(Data extracted from a collection)
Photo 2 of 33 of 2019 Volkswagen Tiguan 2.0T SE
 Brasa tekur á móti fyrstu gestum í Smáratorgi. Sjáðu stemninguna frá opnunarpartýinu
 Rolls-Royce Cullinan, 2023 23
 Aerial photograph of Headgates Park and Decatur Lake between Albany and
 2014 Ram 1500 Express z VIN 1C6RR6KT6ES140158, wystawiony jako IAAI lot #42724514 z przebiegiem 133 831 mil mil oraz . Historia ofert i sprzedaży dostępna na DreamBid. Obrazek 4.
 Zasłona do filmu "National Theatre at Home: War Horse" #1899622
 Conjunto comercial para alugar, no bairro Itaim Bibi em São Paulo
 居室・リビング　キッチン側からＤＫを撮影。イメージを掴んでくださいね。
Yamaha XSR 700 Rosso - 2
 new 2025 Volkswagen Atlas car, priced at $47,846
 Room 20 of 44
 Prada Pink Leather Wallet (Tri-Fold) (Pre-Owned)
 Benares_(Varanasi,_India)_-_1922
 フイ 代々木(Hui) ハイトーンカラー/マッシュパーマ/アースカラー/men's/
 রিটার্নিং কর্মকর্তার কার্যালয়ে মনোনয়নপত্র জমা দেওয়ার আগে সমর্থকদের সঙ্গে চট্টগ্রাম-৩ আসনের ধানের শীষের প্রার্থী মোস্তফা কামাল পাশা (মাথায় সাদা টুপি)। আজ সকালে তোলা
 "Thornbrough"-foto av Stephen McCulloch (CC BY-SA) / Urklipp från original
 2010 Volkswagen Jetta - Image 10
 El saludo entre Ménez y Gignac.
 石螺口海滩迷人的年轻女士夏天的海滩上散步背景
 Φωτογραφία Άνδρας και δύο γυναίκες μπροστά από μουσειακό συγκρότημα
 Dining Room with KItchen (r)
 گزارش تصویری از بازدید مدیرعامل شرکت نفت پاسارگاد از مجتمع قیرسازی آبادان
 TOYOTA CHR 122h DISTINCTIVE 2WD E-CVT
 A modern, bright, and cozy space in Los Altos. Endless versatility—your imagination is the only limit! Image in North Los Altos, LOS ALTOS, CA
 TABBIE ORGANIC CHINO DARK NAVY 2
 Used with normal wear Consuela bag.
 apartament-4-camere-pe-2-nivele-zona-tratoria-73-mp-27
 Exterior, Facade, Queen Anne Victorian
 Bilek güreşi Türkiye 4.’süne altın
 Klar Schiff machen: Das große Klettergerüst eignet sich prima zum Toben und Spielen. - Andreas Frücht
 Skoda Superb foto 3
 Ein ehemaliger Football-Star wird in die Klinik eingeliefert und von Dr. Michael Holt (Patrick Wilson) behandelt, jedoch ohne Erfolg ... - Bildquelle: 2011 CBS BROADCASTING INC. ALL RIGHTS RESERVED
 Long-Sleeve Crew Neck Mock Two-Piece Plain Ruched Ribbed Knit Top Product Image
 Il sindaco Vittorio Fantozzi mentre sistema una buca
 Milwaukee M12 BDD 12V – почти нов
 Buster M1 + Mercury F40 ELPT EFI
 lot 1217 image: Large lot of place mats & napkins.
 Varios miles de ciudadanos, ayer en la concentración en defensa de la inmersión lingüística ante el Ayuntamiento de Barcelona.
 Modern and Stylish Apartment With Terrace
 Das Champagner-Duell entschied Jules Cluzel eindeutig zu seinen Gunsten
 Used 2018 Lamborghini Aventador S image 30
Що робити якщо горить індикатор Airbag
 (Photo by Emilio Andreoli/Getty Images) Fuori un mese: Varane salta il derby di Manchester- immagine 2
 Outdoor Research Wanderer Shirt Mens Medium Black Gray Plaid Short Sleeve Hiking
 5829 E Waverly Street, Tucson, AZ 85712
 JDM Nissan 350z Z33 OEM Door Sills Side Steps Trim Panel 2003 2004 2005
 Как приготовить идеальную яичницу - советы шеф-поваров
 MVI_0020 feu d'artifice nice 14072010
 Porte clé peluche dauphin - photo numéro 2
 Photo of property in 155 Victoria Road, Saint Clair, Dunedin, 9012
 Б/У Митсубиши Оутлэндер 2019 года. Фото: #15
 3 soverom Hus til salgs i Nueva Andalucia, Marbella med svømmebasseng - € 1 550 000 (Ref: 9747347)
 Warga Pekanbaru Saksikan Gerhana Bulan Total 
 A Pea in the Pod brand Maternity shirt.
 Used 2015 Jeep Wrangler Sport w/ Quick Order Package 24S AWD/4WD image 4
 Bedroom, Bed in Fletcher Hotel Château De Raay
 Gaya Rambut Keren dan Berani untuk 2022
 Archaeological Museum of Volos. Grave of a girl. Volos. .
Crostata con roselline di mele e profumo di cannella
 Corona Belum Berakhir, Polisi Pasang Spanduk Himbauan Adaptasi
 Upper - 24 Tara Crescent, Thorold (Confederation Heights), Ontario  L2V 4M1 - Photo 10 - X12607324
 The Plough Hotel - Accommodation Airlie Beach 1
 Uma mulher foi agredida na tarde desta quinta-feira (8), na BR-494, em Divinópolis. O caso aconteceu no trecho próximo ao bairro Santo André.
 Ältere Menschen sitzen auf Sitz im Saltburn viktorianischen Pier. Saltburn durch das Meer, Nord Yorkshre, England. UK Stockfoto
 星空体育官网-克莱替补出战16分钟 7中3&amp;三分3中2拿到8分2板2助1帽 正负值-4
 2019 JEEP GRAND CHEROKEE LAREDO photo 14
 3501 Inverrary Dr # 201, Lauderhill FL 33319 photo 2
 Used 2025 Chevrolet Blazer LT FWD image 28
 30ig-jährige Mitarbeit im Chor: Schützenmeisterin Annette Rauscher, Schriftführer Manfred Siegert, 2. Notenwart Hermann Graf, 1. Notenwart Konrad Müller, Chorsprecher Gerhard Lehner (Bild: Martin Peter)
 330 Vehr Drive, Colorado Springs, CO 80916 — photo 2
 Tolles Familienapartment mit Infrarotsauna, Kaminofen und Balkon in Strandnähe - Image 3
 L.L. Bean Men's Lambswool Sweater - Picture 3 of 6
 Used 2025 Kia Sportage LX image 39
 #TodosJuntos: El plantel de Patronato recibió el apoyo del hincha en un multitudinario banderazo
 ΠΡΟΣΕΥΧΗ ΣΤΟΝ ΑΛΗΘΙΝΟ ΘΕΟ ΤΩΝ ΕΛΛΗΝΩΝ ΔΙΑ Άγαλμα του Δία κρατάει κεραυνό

> **Work item**: The lines of the records that contain the string "Hotel" should be located and copied.

> **Expected output**:
 Bedroom, Bed in Fletcher Hotel Château De Raay
 The Plough Hotel - Accommodation Airlie Beach 1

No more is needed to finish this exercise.